The ridge path was steep and grew steeper. The bird watchers, lagging far behind, out of breath, were widely spaced when Victor put down his parabolic microphone and motioned for silence. He was on a high point of the ridge, in a kind of country favored by quetzals, and he put a quetzal call into the tape recorder, hoping to call in one of them as a parting gift.
The call of the quetzal is a low double note, sounding like wahco, wahco and a whistled whee-ooh. Everybody had long since learned to remain absolutely silent and motionless when Victor worked the parabolic microphone or turned on the tape recorder. Now, simultaneously with the recorded quetzal call, a guan began calling, but Victor, close to the tape recorder, did not hear it. It was a dull grunting sound, so porcine that the first reaction was, what are pigs doing up here? At first there was no bill-clacking or mooing, just a low steady repetition of the snorting grunt that pigs make while feeding.
Victor, preoccupied with the quetzal tape, still had not heard the guan, and an awful fear gripped those who had. They could not call out to him, and they were afraid that if they moved, they might frighten the bird away. But Allison, closest to him, whispered urgently, "There's the guan!"
"I shut off the tape recorder," Victor said later in his report, "in order to hear what she was saying. And then I heard the bill-clacking. I walked along the ridge, and there it was. It was just standing there! Just after spotting it, I had this terrible conflict. I just wanted to soak it up, but at the same time I wanted to make sure everyone saw it, but I didn't want to take my eyes off it. The others came along quickly, and we watched it for 10 minutes. Then it began walking back and forth on the branch, clacking its bill for a minute or two, looking around, getting more agitated. It jumped up to another branch, and when it did it went ohh—waugh!, its most agitated call.
"We were watching it hopping around. Then some tree growths got in the way, and we couldn't see it. I thought we might go down the slope to the base of the tree, where our nearness might disturb it and start the bill-clacking again so we could locate it. But it just vanished. The same thing happened to Alexander Skutch; he described that mysterious disappearance in a German ornithological publication, Grzimeks Tierleben."
Nobody saw the horned guan again. No one got a picture of it. There were new tape recordings now of its wilderness call, but that was all. Back in civilization Plimpton managed to locate Harrison. He was pleased to have his money and belongings returned, and interested to learn where his pack had ended up.
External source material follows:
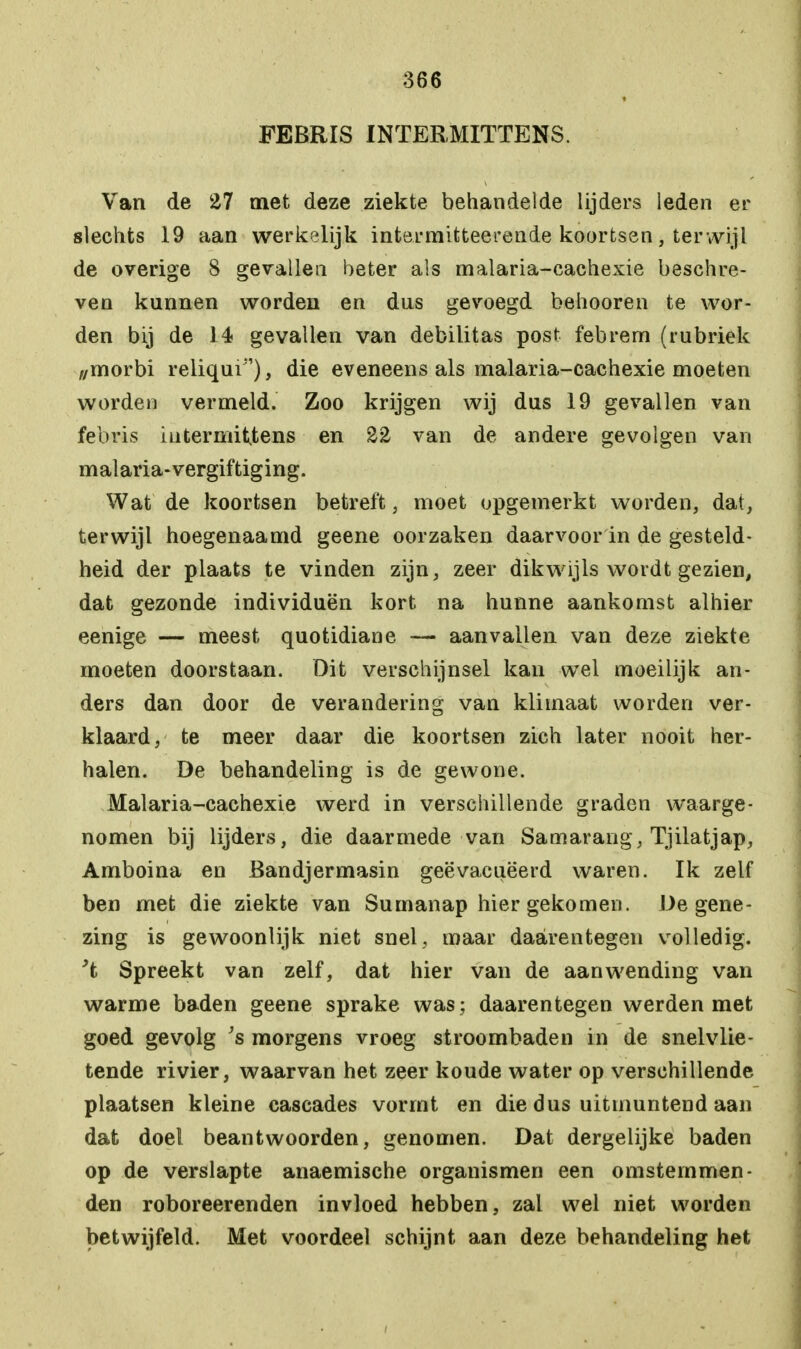 FEBRIS INÏERMITÏENS. Van de 27 met deze ziekte behandelde lijders leden er slechts 19 aan werkelijk intermifcteerende koortsen, terwijl de overige 8 gevallen beter als malaria-eachexie beschre- ven kunnen worden en dus gevoegd behooren te wor- den bij de 14 gevallen van debilitas post febrern (rubriek z/morbi reliqui), die eveneens als malaria-eachexie moeten worden vermeld. Zoo krijgen wij dus 19 gevallen van febris iutermiUens en 22 van de andere gevolgen van malaria-vergiftiging. Wat de koortsen betreft, moet opgemerkt worden, dat, terwijl hoegenaamd geene oorzaken daarvoor in de gesteld- heid der plaats te vinden zijn, zeer dikwijls wordt gezien, dat gezonde individuen kort na hunne aankomst alhier eenige — meest quotidiane — aanvallen van deze ziekte moeten doorstaan. Dit verschijnsel kan wel moeilijk an- ders dan door de verandering van klimaat worden ver- klaard, te meer daar die koortsen zich later nooit her- halen. De behandeling is de gewone. Malaria-eachexie werd in verschillende graden waarge- nomen bij lijders, die daarmede van Samarang, Tjilatjap, Amboina en Bandjermasin geëvacueerd waren. Ik zelf ben met die ziekte van Sumanap hier gekomen. De gene- zing is gewoonlijk niet snel, maar daarentegen volledig. Spreekt van zelf, dat hier van de aanwending van warme baden geene sprake was; daarentegen werden met goed gevolg 's morgens vroeg stroombaden in de snelvlie- tende rivier, waarvan het zeer koude water op verschillende plaatsen kleine cascades vormt en die dus uitmuntend aan dat doel beantwoorden, genomen. Dat dergelijke baden op de verslapte anaemische organismen een omsternmen- den roboreerenden invloed hebben, zal wel niet worden betwijfeld. Met voordeel schijnt aan deze behandeling het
There was no question in Victor Emanuel's mind but that the El Triunfo trip had been a glorious success. We had set out to find the horned guan, and we had found it. For less dedicated searchers the results were not so clear-cut. "We find there what we seek," Skutch wrote in A Last Home of Mystery. "But in spite of beauty, tranquillity and endless variety, the forest at last becomes oppressive.... We lose our proud pose as the lords of creation and come at last to feel what we actually are, small, bewildered creatures wandering timidly amid forces immeasurably more powerful and enduring than ourselves."